### TASK PROMPT
Transcribe the listing word for word. Begin at its first line and end with the line containing "GD Fabril/Auto Kuatrus".

### DATA FOR ANALYSIS

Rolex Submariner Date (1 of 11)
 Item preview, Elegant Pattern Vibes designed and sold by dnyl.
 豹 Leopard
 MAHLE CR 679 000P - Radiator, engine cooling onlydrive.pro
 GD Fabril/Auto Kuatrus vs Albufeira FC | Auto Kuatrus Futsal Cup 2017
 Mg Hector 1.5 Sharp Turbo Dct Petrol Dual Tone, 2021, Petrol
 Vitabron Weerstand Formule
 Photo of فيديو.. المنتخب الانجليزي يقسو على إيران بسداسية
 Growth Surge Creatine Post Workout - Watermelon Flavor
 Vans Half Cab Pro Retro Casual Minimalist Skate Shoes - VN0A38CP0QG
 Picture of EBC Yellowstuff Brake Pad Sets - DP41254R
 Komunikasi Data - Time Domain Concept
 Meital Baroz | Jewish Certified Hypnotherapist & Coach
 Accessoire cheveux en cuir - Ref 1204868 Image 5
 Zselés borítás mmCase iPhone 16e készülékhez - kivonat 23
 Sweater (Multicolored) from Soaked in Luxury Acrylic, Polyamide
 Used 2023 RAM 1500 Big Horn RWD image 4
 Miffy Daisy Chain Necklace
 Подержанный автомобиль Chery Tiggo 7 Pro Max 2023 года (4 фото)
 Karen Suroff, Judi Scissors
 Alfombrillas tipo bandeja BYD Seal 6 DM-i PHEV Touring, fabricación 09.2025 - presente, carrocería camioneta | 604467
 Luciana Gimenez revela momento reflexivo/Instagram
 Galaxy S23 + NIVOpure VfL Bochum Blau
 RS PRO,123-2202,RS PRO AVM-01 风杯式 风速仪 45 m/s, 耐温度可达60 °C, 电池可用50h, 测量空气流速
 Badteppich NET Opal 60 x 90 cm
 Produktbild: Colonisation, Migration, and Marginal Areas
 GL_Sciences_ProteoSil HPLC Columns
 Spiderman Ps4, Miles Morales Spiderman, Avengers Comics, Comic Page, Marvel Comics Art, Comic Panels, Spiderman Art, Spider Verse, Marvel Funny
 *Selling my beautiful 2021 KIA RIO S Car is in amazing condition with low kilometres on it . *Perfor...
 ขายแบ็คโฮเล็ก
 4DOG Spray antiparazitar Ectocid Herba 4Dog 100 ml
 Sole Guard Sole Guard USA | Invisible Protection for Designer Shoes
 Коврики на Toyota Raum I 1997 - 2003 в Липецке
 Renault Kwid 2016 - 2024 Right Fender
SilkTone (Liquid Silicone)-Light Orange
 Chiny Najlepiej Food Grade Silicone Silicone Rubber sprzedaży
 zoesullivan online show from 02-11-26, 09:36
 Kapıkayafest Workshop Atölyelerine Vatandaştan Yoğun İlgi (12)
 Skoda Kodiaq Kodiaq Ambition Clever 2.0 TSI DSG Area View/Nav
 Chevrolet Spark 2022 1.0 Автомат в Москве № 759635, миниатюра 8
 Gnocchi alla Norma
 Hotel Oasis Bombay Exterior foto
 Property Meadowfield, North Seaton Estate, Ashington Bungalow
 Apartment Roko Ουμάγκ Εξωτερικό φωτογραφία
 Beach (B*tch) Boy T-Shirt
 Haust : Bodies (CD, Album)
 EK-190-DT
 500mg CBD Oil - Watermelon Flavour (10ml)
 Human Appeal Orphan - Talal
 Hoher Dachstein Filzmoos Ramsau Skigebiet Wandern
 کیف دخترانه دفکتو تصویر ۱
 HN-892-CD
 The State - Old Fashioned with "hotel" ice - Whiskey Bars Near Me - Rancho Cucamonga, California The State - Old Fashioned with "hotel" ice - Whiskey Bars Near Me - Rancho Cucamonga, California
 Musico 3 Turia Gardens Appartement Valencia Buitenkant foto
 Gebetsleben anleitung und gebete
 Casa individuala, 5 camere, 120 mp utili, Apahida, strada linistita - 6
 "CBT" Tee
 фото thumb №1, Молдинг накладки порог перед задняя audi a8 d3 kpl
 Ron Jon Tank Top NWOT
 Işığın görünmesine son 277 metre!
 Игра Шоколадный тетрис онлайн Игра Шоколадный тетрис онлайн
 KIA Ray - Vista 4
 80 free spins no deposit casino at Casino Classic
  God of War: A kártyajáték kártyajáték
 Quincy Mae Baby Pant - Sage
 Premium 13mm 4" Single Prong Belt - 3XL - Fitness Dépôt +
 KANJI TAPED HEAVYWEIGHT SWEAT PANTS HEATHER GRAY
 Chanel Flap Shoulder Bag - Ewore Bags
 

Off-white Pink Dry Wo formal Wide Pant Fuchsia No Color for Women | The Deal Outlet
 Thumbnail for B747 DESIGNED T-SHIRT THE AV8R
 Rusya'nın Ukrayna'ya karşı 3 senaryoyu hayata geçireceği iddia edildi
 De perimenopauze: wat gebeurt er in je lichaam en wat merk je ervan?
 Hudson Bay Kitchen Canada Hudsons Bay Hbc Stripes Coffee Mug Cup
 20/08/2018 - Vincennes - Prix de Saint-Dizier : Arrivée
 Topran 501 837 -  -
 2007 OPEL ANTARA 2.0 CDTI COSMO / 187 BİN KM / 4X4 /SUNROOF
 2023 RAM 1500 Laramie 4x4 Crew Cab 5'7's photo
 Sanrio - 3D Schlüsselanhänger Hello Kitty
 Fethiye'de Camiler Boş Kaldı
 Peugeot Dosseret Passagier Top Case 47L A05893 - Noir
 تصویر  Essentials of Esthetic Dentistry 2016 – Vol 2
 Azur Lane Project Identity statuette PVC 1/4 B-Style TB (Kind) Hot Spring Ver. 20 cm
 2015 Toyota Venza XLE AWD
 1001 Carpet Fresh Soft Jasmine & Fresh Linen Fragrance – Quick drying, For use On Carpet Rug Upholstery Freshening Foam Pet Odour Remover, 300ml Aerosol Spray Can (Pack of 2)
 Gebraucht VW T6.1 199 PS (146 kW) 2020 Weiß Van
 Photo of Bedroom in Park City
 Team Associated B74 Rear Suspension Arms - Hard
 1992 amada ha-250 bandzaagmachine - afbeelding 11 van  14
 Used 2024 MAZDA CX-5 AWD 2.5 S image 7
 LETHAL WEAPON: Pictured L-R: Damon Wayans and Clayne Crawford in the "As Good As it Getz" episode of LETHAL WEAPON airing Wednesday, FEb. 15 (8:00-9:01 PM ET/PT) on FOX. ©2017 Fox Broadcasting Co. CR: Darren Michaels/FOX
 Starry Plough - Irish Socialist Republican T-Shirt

### YOUR RESPONSE
Rolex Submariner Date (1 of 11)
 Item preview, Elegant Pattern Vibes designed and sold by dnyl.
 豹 Leopard
 MAHLE CR 679 000P - Radiator, engine cooling onlydrive.pro
 GD Fabril/Auto Kuatrus vs Albufeira FC | Auto Kuatrus Futsal Cup 2017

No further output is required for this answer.